TO DO - With nothing added and nothing dropped, copy the entire listing.

>>>>

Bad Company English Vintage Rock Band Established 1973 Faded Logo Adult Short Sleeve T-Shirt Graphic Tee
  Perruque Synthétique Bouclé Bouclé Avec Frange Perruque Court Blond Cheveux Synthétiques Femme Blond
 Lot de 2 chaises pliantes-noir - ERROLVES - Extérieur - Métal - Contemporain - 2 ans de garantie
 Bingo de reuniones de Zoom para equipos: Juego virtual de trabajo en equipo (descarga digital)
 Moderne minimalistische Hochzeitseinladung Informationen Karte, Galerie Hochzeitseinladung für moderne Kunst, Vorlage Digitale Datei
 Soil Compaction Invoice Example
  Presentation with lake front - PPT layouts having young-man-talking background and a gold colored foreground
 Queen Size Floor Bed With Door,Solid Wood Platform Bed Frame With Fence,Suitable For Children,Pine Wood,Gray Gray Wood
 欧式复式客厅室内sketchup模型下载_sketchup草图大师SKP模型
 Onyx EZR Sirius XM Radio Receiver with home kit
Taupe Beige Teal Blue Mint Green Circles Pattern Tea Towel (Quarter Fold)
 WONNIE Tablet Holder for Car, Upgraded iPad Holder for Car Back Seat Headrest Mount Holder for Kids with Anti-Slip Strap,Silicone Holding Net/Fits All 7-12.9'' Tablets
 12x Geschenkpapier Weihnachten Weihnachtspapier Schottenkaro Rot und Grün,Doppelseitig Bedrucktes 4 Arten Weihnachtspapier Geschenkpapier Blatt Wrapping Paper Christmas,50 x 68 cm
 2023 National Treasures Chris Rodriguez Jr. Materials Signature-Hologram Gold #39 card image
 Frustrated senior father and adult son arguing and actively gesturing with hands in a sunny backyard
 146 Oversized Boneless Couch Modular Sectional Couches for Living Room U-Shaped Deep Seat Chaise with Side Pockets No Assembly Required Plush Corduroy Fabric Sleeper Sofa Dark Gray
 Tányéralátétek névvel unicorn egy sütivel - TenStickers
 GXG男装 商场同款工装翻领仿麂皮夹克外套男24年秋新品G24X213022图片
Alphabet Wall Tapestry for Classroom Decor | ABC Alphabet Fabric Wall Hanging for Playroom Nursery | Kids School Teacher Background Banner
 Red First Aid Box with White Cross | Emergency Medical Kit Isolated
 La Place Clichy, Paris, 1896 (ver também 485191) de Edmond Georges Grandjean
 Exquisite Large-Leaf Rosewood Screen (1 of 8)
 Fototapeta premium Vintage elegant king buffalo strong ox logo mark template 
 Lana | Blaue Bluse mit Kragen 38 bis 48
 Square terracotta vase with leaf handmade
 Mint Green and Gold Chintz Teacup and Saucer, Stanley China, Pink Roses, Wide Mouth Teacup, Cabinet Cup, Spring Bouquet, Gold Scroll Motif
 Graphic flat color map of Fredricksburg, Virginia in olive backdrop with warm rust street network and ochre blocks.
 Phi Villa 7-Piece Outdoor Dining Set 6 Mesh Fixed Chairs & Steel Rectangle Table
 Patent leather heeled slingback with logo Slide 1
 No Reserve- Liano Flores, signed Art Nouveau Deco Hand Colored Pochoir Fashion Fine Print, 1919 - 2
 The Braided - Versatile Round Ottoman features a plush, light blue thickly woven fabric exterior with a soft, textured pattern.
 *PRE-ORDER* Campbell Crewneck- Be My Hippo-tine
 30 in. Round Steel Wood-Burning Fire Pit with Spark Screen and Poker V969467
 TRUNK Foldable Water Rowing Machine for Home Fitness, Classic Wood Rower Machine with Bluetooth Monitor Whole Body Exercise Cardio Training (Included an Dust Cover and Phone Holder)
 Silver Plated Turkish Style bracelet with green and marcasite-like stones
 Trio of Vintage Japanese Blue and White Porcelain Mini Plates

<<<<

ANSWER -
Bad Company English Vintage Rock Band Established 1973 Faded Logo Adult Short Sleeve T-Shirt Graphic Tee
  Perruque Synthétique Bouclé Bouclé Avec Frange Perruque Court Blond Cheveux Synthétiques Femme Blond
 Lot de 2 chaises pliantes-noir - ERROLVES - Extérieur - Métal - Contemporain - 2 ans de garantie
 Bingo de reuniones de Zoom para equipos: Juego virtual de trabajo en equipo (descarga digital)
 Moderne minimalistische Hochzeitseinladung Informationen Karte, Galerie Hochzeitseinladung für moderne Kunst, Vorlage Digitale Datei
 Soil Compaction Invoice Example
  Presentation with lake front - PPT layouts having young-man-talking background and a gold colored foreground
 Queen Size Floor Bed With Door,Solid Wood Platform Bed Frame With Fence,Suitable For Children,Pine Wood,Gray Gray Wood
 欧式复式客厅室内sketchup模型下载_sketchup草图大师SKP模型
 Onyx EZR Sirius XM Radio Receiver with home kit
Taupe Beige Teal Blue Mint Green Circles Pattern Tea Towel (Quarter Fold)
 WONNIE Tablet Holder for Car, Upgraded iPad Holder for Car Back Seat Headrest Mount Holder for Kids with Anti-Slip Strap,Silicone Holding Net/Fits All 7-12.9'' Tablets
 12x Geschenkpapier Weihnachten Weihnachtspapier Schottenkaro Rot und Grün,Doppelseitig Bedrucktes 4 Arten Weihnachtspapier Geschenkpapier Blatt Wrapping Paper Christmas,50 x 68 cm
 2023 National Treasures Chris Rodriguez Jr. Materials Signature-Hologram Gold #39 card image
 Frustrated senior father and adult son arguing and actively gesturing with hands in a sunny backyard
 146 Oversized Boneless Couch Modular Sectional Couches for Living Room U-Shaped Deep Seat Chaise with Side Pockets No Assembly Required Plush Corduroy Fabric Sleeper Sofa Dark Gray
 Tányéralátétek névvel unicorn egy sütivel - TenStickers
 GXG男装 商场同款工装翻领仿麂皮夹克外套男24年秋新品G24X213022图片
Alphabet Wall Tapestry for Classroom Decor | ABC Alphabet Fabric Wall Hanging for Playroom Nursery | Kids School Teacher Background Banner
 Red First Aid Box with White Cross | Emergency Medical Kit Isolated
 La Place Clichy, Paris, 1896 (ver também 485191) de Edmond Georges Grandjean
 Exquisite Large-Leaf Rosewood Screen (1 of 8)
 Fototapeta premium Vintage elegant king buffalo strong ox logo mark template 
 Lana | Blaue Bluse mit Kragen 38 bis 48
 Square terracotta vase with leaf handmade
 Mint Green and Gold Chintz Teacup and Saucer, Stanley China, Pink Roses, Wide Mouth Teacup, Cabinet Cup, Spring Bouquet, Gold Scroll Motif
 Graphic flat color map of Fredricksburg, Virginia in olive backdrop with warm rust street network and ochre blocks.
 Phi Villa 7-Piece Outdoor Dining Set 6 Mesh Fixed Chairs & Steel Rectangle Table
 Patent leather heeled slingback with logo Slide 1
 No Reserve- Liano Flores, signed Art Nouveau Deco Hand Colored Pochoir Fashion Fine Print, 1919 - 2
 The Braided - Versatile Round Ottoman features a plush, light blue thickly woven fabric exterior with a soft, textured pattern.
 *PRE-ORDER* Campbell Crewneck- Be My Hippo-tine
 30 in. Round Steel Wood-Burning Fire Pit with Spark Screen and Poker V969467
 TRUNK Foldable Water Rowing Machine for Home Fitness, Classic Wood Rower Machine with Bluetooth Monitor Whole Body Exercise Cardio Training (Included an Dust Cover and Phone Holder)
 Silver Plated Turkish Style bracelet with green and marcasite-like stones
 Trio of Vintage Japanese Blue and White Porcelain Mini Plates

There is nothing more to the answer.